The theoretical enemy units we practiced against in our war gaming exercises were still modeled on the Soviet order of battle — we just called them “Krasnovians” or some other moniker instead of “Russians.” I learned more than I will ever need to know again about the march speed of a Russian motorized rifle division on the move, and the operational characteristics of a T-80 main battle tank.

We didn’t fully pivot away from that until the terror attacks of Sept. 11, 2001, followed by our preemptive wars in Iraq and Afghanistan, demanded our full attention.

Now Putin’s aggression, and his dreams of resurrecting Russian glory, combined with the rise of China, presage a terrible new world order. The drawdown of our military presence in Europe might have been a bit premature.

Putin cannot back down. The resulting loss of face would mean his downfall. I believe he will bring whatever force to bear that is necessary, even if it means leveling Ukraine’s cities. Russia’s Cold War doctrine, modeled on what worked in World War II, was to line up tanks and artillery axle-to-axle along a broad, miles-long front and unleash hell, wreaking destruction on anything in its path.

Putin has been relatively restrained so far, but make no mistake, he will do whatever it takes to win. Just look at what he did in Aleppo (Syria) and Grozny (Chechnya) to envision what he is capable of. They were reduced to ruin. We have already seen signs of this in Russian bombardments of residential areas in Ukraine’s two biggest cities, Kyiv and Kharkiv.

It’s hard to see how this ends well for the Ukrainians, no matter how bravely they fight.

Prepare for pain

People too young to remember the Cold War are going to be very surprised about how fundamentally their lives are going to change from here on.

The possibility of thermonuclear war has again risen its ugly head, with Putin dusting off Russia’s arsenal, putting his nuclear forces on high alert and threatening retaliation against the West. Those of a certain age remember sheltering under our desks during school drills, hoping that the threat of “mutual assured destruction” would save us from the unthinkable. The nukes never went away when the Cold War ended. And now, hypersonic technology allows them to travel to their targets faster than ever before.

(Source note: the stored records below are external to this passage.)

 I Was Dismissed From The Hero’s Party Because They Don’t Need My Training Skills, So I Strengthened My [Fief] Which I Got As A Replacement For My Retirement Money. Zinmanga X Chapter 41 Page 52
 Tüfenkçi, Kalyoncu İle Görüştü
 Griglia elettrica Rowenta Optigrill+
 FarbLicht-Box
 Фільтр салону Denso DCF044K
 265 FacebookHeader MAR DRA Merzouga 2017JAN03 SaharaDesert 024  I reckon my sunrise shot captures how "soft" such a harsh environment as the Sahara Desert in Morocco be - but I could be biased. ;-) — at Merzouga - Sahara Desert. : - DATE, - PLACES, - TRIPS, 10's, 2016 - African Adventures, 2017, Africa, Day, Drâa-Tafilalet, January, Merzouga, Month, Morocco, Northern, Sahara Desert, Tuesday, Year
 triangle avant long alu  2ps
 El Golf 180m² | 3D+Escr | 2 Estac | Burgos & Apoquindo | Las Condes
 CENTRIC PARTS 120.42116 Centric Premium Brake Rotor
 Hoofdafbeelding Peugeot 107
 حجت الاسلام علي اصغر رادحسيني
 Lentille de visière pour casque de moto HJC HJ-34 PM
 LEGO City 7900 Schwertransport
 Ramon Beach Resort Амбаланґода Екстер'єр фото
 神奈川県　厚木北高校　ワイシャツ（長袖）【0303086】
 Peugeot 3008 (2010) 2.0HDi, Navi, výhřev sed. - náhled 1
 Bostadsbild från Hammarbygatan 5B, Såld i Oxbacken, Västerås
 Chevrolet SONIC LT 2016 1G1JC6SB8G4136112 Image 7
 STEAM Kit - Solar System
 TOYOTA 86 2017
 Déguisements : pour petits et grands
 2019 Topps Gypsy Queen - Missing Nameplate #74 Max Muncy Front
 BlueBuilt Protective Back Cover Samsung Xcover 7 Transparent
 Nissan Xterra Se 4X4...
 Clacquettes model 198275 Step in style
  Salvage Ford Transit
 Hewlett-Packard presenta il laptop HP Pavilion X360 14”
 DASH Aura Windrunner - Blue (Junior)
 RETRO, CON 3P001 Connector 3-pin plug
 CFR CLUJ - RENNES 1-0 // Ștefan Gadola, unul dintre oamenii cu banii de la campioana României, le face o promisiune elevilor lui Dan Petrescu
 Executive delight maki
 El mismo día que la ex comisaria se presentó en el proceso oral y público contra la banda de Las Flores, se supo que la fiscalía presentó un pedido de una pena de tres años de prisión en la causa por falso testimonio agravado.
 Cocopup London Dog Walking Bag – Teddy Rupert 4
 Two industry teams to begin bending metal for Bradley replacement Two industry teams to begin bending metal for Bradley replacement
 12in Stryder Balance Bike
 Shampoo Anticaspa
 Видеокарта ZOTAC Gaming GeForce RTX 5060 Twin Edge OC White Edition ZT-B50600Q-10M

Sending our sons and daughters off to fight in distant corners of the Earth against overmatched third-world opponents, while we go about our daily lives as if nothing is happening, will no longer be sufficient.

Russia and China are entirely different propositions. Prepare for more economic conflict, more fights over precious natural resources, more proxy wars, and massive military buildups as these nuclear-armed, authoritarian superpowers seek to impose their will on the rest of the world.

Alarmist? Perhaps a little, but the trend lines are clear. Ask the good citizens of Taiwan how safe they feel, with China studying the West’s response to the invasion of Ukraine.

Americans will soon face hard choices, such as absorbing more economic hardship or authorizing war in Europe. Winning the Cold War required shared sacrifices and unity of purpose that are sadly nonexistent today.